Workpuls: Yeah, it makes sense, especially connected the time tracking parts, of course, because of our own industry. But yeah, we are using it. We are using it internally, of course and  I've seen that it's been helping me. On the days when I remember to use it though. But when I am using it, when I'm really using what I want to work on something or I created a project, then I create a task within that project so I can track time, I can see exactly how much time on average it takes me to write a blog exactly. Not just on the top of my head. I think it takes me, no, it takes me this amount of time and it makes it easier for me to calculate in the future how much time I need to allocate to something else. So I believe that's really… It's also helping people on an individual level to organize their productivity and their time, I guess.


Michael Alexis: Yeah, absolutely powerful, powerful tools.


Workpuls: Okay. Do you have a tip for managers who are trying to increase productivity in the workplace? What's the first thing they should do?


Michael Alexis: Do four week cycles. Experiment with it. Even like one manager, one person on your team just say, “Hey, here's the list of deliverables going through until the end of the month. At the end of the month, expectation is that everything's done 100%.” And I think you will be wildly impressed, just like I was, with how much everybody can get done when they have that clarity from your direction and your collaboration with them.


Workpuls: Okay, that's it, like four week cycles is now something that you are a strong believer of and you're not switching to anything else anytime soon, I guess.

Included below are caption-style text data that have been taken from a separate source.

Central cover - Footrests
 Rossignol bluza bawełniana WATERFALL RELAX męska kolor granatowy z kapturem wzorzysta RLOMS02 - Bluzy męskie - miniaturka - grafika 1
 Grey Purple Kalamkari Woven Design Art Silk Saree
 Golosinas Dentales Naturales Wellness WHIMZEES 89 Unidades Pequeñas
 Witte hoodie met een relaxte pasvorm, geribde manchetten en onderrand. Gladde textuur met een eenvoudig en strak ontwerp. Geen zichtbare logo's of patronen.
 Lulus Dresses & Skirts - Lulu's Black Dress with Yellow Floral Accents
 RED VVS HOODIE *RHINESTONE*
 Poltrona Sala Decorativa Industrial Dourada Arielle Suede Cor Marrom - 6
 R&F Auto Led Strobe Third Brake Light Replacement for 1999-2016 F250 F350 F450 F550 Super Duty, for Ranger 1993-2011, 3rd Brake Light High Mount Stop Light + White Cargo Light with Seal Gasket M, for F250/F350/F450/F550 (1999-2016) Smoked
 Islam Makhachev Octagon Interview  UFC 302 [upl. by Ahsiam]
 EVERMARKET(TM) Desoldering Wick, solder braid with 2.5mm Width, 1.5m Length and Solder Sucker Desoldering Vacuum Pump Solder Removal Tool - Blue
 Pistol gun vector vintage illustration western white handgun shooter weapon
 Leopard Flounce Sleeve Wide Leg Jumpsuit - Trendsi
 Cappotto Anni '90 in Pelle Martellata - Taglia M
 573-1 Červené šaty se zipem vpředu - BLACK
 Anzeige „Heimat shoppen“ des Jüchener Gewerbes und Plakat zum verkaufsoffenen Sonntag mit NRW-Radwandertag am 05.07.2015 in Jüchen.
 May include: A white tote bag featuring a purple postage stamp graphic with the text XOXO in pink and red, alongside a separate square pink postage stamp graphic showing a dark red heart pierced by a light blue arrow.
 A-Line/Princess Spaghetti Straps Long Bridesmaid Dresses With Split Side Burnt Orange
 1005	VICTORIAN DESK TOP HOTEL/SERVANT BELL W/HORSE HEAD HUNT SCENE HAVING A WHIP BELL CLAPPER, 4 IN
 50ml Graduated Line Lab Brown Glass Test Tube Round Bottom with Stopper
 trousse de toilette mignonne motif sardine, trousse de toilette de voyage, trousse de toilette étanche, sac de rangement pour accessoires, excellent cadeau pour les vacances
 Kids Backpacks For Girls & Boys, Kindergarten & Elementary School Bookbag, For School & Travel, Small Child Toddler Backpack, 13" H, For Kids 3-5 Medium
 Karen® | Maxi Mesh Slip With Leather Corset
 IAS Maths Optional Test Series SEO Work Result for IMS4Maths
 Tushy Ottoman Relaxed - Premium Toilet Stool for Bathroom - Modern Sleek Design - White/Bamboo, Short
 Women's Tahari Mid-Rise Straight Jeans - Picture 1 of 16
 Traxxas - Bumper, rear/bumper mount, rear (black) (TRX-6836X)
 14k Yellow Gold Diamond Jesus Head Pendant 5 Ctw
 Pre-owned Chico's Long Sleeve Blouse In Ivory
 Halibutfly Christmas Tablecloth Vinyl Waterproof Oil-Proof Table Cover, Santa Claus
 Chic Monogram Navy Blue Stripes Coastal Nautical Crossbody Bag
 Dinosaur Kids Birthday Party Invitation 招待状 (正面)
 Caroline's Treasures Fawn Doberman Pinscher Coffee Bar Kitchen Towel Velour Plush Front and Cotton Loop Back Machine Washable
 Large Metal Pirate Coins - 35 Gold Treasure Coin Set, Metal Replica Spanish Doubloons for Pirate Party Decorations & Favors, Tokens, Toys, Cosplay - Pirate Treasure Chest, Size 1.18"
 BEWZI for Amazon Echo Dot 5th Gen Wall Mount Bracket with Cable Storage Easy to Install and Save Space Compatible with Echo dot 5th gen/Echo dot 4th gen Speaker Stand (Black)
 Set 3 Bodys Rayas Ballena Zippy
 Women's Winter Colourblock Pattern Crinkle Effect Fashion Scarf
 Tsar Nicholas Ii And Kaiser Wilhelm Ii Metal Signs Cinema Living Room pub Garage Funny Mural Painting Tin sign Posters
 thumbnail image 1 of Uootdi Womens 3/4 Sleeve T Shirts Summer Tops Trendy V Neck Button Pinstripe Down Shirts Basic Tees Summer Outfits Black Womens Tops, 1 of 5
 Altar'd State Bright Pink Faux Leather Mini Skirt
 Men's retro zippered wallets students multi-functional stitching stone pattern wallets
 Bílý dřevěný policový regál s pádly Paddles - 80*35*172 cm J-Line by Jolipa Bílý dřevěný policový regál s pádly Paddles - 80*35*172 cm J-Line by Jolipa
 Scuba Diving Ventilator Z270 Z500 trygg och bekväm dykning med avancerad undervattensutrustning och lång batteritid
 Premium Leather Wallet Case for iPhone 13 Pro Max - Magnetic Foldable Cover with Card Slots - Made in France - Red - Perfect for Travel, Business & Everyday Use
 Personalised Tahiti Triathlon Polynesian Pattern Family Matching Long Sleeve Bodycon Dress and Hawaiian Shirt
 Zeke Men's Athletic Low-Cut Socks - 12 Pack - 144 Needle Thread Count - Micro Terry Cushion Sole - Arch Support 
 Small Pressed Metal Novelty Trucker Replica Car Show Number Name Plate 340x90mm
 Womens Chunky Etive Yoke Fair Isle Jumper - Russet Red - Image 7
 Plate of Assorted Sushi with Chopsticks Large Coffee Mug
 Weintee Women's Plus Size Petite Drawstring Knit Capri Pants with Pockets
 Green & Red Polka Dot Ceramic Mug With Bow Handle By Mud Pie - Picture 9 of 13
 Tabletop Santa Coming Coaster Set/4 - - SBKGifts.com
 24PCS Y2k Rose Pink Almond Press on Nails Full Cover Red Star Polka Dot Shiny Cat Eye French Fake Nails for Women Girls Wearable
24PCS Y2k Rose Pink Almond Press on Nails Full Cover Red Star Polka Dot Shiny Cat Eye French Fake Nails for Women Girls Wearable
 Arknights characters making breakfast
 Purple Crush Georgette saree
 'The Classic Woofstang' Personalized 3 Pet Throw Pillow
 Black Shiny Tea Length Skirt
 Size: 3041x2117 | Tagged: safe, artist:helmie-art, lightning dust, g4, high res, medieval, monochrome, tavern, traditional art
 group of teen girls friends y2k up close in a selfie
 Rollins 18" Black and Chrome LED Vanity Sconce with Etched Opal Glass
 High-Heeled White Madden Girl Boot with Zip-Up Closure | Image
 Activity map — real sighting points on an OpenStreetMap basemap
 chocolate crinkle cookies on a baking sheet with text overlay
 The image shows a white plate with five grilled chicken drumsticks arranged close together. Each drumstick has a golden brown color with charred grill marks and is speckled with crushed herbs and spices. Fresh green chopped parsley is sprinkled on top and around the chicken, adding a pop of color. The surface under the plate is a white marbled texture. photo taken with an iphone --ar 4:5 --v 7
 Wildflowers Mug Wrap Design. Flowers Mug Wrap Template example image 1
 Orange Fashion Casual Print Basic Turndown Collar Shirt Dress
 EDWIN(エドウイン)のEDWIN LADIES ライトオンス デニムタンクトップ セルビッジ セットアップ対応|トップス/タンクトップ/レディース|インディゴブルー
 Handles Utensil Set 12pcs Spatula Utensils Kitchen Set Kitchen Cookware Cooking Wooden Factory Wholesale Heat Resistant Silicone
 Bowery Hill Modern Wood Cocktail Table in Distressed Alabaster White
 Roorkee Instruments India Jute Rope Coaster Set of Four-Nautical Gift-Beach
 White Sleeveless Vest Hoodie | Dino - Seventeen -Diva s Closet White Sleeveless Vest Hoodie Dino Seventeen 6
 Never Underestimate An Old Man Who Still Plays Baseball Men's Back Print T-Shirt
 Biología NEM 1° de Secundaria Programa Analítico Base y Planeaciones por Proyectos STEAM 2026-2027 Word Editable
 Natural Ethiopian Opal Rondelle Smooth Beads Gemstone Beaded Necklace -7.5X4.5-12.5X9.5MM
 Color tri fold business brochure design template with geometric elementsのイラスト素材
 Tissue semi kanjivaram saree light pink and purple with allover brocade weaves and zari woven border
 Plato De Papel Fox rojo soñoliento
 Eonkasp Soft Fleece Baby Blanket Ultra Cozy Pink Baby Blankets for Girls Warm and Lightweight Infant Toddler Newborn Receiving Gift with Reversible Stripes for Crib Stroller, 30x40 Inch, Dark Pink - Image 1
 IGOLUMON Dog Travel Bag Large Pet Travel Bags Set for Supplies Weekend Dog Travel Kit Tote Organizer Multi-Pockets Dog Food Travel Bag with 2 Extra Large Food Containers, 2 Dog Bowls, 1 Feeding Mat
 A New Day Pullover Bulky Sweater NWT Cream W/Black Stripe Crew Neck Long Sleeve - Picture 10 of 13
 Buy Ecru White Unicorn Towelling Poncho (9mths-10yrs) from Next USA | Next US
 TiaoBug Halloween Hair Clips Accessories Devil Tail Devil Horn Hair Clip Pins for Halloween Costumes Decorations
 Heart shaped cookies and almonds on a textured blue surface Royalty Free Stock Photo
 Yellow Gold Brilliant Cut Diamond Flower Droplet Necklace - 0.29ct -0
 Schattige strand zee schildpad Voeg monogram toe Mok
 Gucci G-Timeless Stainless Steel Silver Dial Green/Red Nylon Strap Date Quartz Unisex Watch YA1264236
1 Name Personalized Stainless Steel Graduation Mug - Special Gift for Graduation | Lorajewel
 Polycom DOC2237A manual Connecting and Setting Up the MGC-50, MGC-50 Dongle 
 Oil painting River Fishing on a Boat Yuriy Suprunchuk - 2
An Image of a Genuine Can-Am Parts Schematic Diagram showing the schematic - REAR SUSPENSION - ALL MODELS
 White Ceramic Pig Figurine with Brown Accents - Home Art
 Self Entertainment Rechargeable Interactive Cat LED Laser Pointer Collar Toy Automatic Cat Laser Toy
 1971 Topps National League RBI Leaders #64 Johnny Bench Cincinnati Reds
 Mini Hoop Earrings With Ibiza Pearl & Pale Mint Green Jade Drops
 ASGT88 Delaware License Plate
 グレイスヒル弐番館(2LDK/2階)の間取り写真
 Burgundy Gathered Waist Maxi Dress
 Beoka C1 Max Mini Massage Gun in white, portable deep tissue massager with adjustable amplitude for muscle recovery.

Michael Alexis: Yes, strong advocate, it's funny though. So we do four week cycles, you could potentially do two week cycles, or three week cycles, or five weeks cycles; it's more about the consistency and regularity. Four weeks works for us because it's about a month.


Workpuls: Yeah, it makes sense. Okay, well, that would be all if you don't have any other tips the four week cycle is what we're sharing with everybody. And I really like the system, I like the clarity on the employee side. I like the clarity. I like to have that. People tell me “Okay, this is what needs to be done. These are our goals for this month. Let's reach them.” But I know how I'm going to do it, and what I have to do and definitely makes work a lot easier and much more manageable, the projects and tasks that you have throughout the weeks. So yeah, it's definitely something that should be tried. It seems like something you should be tried for sure. I would like to thank you again for taking the time to talk to me. It was very, very nice. It was good to hear about the four week cycle. I haven't heard about it before. Thank you everybody also for listening into Workpuls Productivity Talks.


Michael Alexis: Yeah, it's my pleasure. Thank you so much.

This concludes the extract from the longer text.